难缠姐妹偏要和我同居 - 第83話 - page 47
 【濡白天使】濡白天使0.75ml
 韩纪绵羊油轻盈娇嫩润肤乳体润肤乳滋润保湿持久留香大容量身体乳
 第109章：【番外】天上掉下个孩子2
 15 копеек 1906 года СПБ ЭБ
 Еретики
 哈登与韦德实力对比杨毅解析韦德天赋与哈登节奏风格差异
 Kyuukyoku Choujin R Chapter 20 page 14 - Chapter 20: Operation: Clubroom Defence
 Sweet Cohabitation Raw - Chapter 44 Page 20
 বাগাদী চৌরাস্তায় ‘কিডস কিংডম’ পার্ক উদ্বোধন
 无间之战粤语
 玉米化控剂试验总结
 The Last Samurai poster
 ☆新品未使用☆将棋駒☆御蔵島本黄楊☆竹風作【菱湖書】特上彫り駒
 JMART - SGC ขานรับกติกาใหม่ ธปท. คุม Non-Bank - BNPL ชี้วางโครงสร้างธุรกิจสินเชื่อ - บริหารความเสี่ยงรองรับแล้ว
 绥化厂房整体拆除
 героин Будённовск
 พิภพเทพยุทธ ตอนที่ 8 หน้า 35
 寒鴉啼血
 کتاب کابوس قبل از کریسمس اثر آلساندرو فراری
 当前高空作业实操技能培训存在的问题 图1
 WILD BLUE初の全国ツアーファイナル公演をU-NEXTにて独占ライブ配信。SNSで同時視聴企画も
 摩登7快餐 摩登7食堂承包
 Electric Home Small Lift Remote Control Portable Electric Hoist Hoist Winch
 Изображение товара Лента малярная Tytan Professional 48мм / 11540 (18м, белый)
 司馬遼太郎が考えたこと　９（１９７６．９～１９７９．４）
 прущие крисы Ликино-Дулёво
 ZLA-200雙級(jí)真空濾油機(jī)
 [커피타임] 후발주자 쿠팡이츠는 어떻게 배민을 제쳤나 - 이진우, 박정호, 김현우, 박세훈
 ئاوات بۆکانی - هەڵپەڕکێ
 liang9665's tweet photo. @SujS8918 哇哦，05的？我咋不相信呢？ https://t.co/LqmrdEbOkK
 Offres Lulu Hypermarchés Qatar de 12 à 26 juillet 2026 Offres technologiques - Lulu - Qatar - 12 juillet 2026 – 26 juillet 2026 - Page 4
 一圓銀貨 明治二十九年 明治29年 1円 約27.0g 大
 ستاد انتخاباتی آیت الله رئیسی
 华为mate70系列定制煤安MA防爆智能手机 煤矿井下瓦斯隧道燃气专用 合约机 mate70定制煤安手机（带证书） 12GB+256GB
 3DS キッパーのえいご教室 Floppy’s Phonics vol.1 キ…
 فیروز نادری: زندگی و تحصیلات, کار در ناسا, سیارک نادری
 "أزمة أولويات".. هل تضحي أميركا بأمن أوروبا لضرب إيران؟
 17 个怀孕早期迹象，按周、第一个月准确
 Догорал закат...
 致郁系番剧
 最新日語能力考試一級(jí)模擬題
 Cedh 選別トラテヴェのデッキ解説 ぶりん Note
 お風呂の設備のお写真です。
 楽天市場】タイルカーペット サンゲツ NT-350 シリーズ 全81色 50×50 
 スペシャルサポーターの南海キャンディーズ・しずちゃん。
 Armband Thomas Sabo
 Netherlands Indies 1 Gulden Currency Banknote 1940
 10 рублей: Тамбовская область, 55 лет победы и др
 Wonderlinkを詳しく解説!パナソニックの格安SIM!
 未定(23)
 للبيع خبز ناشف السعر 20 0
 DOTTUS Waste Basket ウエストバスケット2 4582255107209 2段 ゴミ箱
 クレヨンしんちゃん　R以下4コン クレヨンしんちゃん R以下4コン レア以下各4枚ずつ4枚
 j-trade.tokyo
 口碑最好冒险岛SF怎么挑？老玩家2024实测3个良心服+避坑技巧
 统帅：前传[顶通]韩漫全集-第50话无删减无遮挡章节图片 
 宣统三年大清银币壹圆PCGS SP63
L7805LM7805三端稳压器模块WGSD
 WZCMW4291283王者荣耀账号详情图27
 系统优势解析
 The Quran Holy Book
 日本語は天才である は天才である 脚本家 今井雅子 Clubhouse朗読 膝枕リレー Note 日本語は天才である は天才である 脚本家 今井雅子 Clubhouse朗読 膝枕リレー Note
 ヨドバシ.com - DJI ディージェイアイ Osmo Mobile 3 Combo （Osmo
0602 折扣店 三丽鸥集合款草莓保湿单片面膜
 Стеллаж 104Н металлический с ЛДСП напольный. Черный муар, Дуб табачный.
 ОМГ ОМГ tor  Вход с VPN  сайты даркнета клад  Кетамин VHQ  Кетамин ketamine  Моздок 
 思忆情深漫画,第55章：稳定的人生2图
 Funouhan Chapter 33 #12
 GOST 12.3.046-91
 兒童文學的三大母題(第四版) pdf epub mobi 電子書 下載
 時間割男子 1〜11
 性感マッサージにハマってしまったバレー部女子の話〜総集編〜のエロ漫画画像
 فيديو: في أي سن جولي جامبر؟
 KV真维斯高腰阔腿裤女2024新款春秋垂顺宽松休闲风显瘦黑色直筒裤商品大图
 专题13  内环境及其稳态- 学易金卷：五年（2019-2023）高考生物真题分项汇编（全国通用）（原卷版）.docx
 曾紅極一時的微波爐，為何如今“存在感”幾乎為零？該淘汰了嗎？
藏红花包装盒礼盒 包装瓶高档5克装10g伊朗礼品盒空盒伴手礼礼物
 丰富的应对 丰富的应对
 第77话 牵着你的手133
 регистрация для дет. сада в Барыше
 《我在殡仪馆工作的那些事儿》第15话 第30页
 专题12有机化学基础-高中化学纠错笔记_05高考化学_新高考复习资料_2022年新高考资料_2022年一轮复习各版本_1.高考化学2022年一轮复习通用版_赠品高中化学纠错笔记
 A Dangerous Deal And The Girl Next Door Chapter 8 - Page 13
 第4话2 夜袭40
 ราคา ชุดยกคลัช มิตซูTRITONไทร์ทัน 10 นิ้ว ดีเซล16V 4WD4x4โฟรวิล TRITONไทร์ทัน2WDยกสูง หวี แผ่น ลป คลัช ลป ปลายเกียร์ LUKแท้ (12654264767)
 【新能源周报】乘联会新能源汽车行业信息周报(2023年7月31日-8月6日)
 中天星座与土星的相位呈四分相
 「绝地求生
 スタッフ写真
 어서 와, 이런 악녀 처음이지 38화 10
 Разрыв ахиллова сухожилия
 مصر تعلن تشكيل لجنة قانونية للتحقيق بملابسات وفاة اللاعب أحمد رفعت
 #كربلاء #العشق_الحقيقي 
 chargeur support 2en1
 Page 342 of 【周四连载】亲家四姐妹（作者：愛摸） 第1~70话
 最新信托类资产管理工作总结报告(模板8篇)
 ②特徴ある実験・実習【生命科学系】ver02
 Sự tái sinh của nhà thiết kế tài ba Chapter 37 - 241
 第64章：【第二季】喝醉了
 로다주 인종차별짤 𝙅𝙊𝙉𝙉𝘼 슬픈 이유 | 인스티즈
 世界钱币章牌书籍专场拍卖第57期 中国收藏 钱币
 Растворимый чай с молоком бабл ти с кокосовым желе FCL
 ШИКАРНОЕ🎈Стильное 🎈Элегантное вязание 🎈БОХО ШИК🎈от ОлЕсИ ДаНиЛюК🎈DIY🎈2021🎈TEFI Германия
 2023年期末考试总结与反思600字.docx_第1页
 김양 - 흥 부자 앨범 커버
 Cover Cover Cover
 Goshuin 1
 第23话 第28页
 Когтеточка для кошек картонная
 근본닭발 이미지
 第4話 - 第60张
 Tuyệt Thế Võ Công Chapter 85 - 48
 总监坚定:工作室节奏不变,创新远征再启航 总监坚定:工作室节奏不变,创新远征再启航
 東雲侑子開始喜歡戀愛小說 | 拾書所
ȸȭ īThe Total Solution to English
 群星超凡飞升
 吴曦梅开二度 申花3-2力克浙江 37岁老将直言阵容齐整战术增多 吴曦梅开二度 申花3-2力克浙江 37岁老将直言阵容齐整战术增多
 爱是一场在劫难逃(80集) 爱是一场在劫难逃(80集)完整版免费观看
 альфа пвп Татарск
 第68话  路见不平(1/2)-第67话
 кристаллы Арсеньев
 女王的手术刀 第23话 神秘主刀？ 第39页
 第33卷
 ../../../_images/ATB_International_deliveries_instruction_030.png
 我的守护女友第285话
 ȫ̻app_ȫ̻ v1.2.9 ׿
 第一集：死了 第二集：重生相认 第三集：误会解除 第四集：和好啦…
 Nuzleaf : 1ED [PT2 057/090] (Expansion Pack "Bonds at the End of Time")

_ _ _ _ _

▶ [Exercise instructions]: Using the entries above, give again exactly the lines from the line holding "Cedh 選別トラテヴェのデッキ解説 ぶりん Note" through the line holding "Page 342 of 【周四连载】亲家四姐妹（作者：愛摸） 第1~70话". Include both end lines and nothing else.

▶ [Problem solution]:
 Cedh 選別トラテヴェのデッキ解説 ぶりん Note
 お風呂の設備のお写真です。
 楽天市場】タイルカーペット サンゲツ NT-350 シリーズ 全81色 50×50 
 スペシャルサポーターの南海キャンディーズ・しずちゃん。
 Armband Thomas Sabo
 Netherlands Indies 1 Gulden Currency Banknote 1940
 10 рублей: Тамбовская область, 55 лет победы и др
 Wonderlinkを詳しく解説!パナソニックの格安SIM!
 未定(23)
 للبيع خبز ناشف السعر 20 0
 DOTTUS Waste Basket ウエストバスケット2 4582255107209 2段 ゴミ箱
 クレヨンしんちゃん　R以下4コン クレヨンしんちゃん R以下4コン レア以下各4枚ずつ4枚
 j-trade.tokyo
 口碑最好冒险岛SF怎么挑？老玩家2024实测3个良心服+避坑技巧
 统帅：前传[顶通]韩漫全集-第50话无删减无遮挡章节图片 
 宣统三年大清银币壹圆PCGS SP63
L7805LM7805三端稳压器模块WGSD
 WZCMW4291283王者荣耀账号详情图27
 系统优势解析
 The Quran Holy Book
 日本語は天才である は天才である 脚本家 今井雅子 Clubhouse朗読 膝枕リレー Note 日本語は天才である は天才である 脚本家 今井雅子 Clubhouse朗読 膝枕リレー Note
 ヨドバシ.com - DJI ディージェイアイ Osmo Mobile 3 Combo （Osmo
0602 折扣店 三丽鸥集合款草莓保湿单片面膜
 Стеллаж 104Н металлический с ЛДСП напольный. Черный муар, Дуб табачный.
 ОМГ ОМГ tor  Вход с VPN  сайты даркнета клад  Кетамин VHQ  Кетамин ketamine  Моздок 
 思忆情深漫画,第55章：稳定的人生2图
 Funouhan Chapter 33 #12
 GOST 12.3.046-91
 兒童文學的三大母題(第四版) pdf epub mobi 電子書 下載
 時間割男子 1〜11
 性感マッサージにハマってしまったバレー部女子の話〜総集編〜のエロ漫画画像
 فيديو: في أي سن جولي جامبر؟
 KV真维斯高腰阔腿裤女2024新款春秋垂顺宽松休闲风显瘦黑色直筒裤商品大图
 专题13  内环境及其稳态- 学易金卷：五年（2019-2023）高考生物真题分项汇编（全国通用）（原卷版）.docx
 曾紅極一時的微波爐，為何如今“存在感”幾乎為零？該淘汰了嗎？
藏红花包装盒礼盒 包装瓶高档5克装10g伊朗礼品盒空盒伴手礼礼物
 丰富的应对 丰富的应对
 第77话 牵着你的手133
 регистрация для дет. сада в Барыше
 《我在殡仪馆工作的那些事儿》第15话 第30页
 专题12有机化学基础-高中化学纠错笔记_05高考化学_新高考复习资料_2022年新高考资料_2022年一轮复习各版本_1.高考化学2022年一轮复习通用版_赠品高中化学纠错笔记
 A Dangerous Deal And The Girl Next Door Chapter 8 - Page 13
 第4话2 夜袭40
 ราคา ชุดยกคลัช มิตซูTRITONไทร์ทัน 10 นิ้ว ดีเซล16V 4WD4x4โฟรวิล TRITONไทร์ทัน2WDยกสูง หวี แผ่น ลป คลัช ลป ปลายเกียร์ LUKแท้ (12654264767)
 【新能源周报】乘联会新能源汽车行业信息周报(2023年7月31日-8月6日)
 中天星座与土星的相位呈四分相
 「绝地求生
 スタッフ写真
 어서 와, 이런 악녀 처음이지 38화 10
 Разрыв ахиллова сухожилия
 مصر تعلن تشكيل لجنة قانونية للتحقيق بملابسات وفاة اللاعب أحمد رفعت
 #كربلاء #العشق_الحقيقي 
 chargeur support 2en1
 Page 342 of 【周四连载】亲家四姐妹（作者：愛摸） 第1~70话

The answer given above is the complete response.